We are unlikely to investigate your complaint if you were advised that planning permission would be granted and it was refused because you can appeal to the Planning Inspectorate which has the power to grant you planning permission.

We can investigate your complaint if we think it is unreasonable to expect you to have appealed to the Planning Inspectorate, but we cannot usually do this until a decision has been made on the planning application. This is because until then, even if a council has done something wrong, we do not know how it will affect you.

How do I complain?

You should normally complain to the council first. Councils often have more than one stage in their complaints procedure and you will usually have to complete all stages before we will look at your complaint.
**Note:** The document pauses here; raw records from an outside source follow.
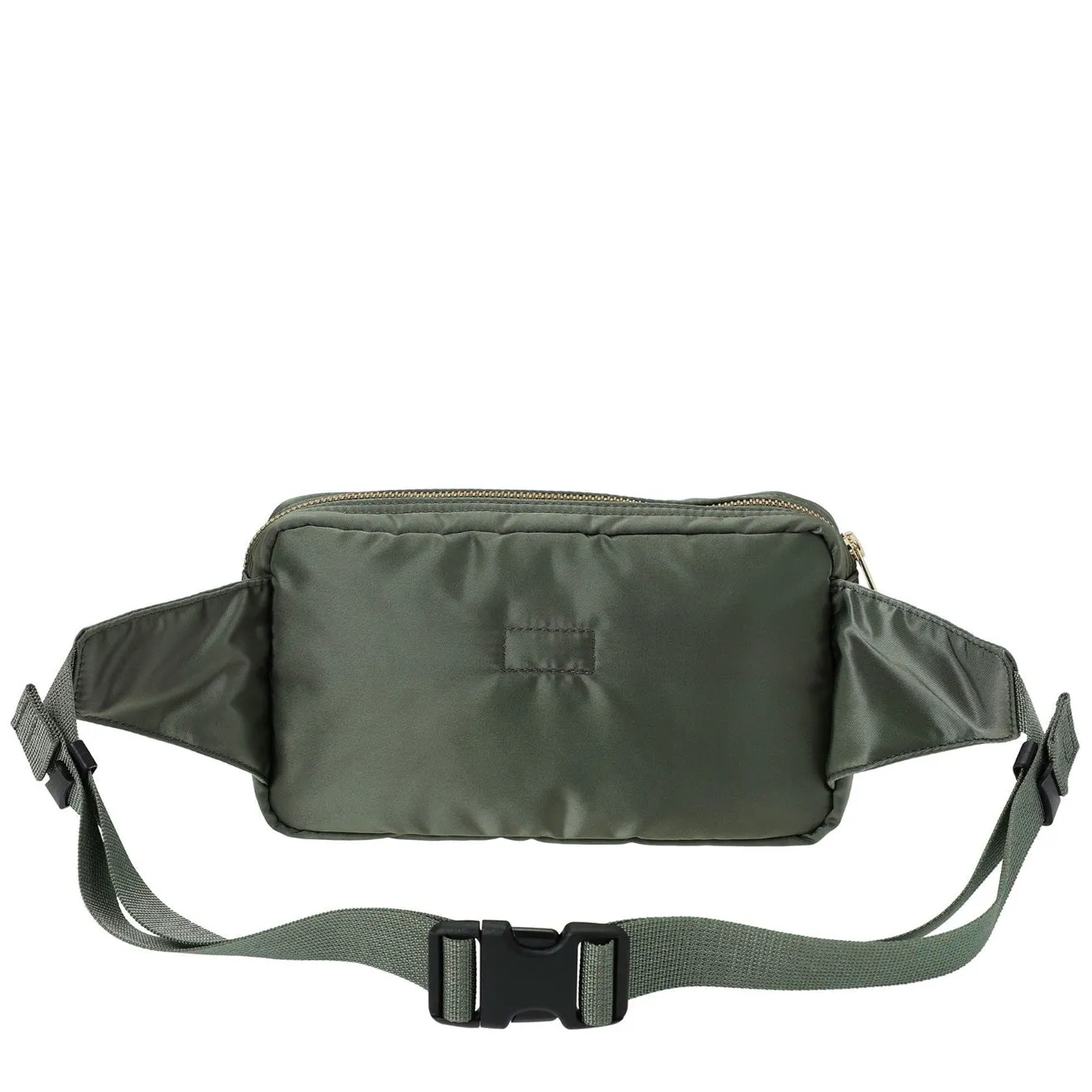 Porter-Yoshida and Co Tanker Waist Bag 1 Sage Green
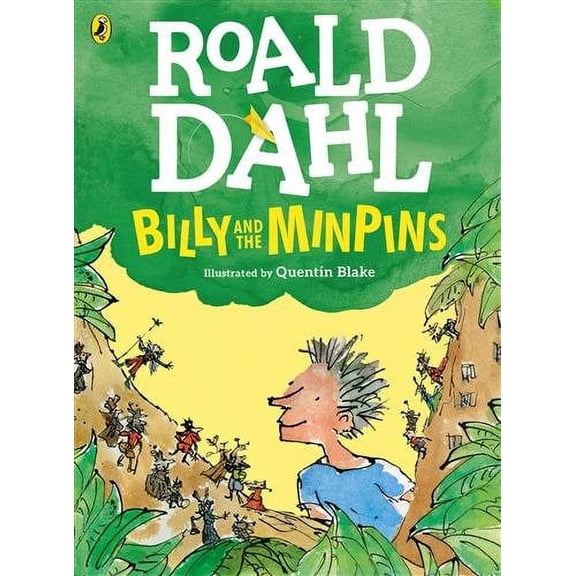 Billy and the Minpins (Colour Edition)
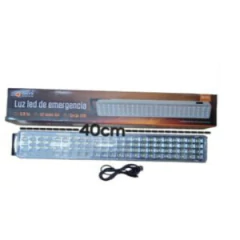 LAMP. EMERG. REC 92 LED C/USB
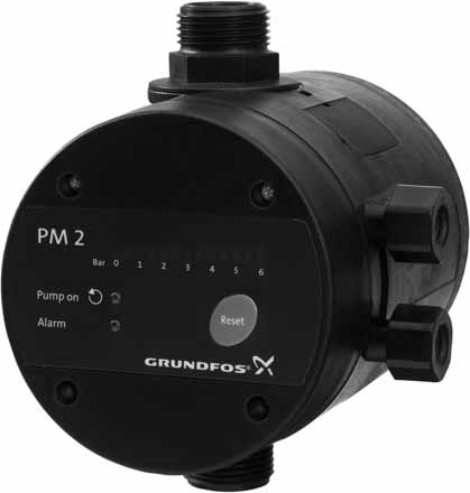 DISPOSITIF DE COMMANDE 230V PM2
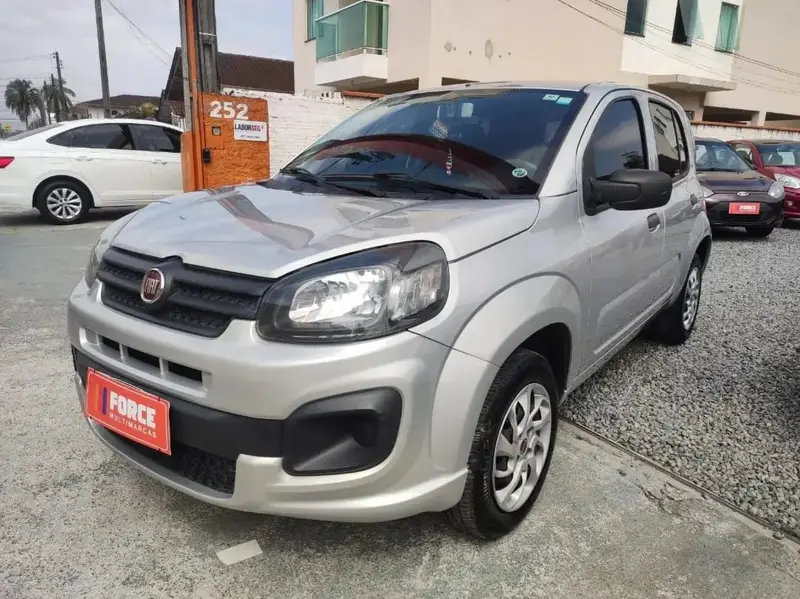 Fiat Uno Drive 1.0 Firefly (Flex)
Then, if you are unhappy with the outcome, or the council is taking too long to look into the matter – we think 12 weeks is reasonable – you can complain to us.

Usually, you should complain to us within 12 months of when you first knew about the problem. If you leave it any later, we may not be able to help.

For more information on how to complain, please read our step by step process.

If you can consider my complaint what will the Ombudsman look for?

We look at the effect on you of following the advice and what would have been the outcome if you had been given the right information in the first place. Some of the things we can look into are whether the council:

  • asked you for information which would have ensured you got a more accurate answer
  • checked the records of what works had been done to your house before
  • ensured that the staff answering your question knew about recent changes in the council’s policy
  • wrongly interpreted the law in relation to the question you were asking
  • did not have a system in place for ensuring that the advice it gave was properly recorded, or
  • failed to make clear the status of the information being given, for example that other issues might arise once a formal planning application had been submitted.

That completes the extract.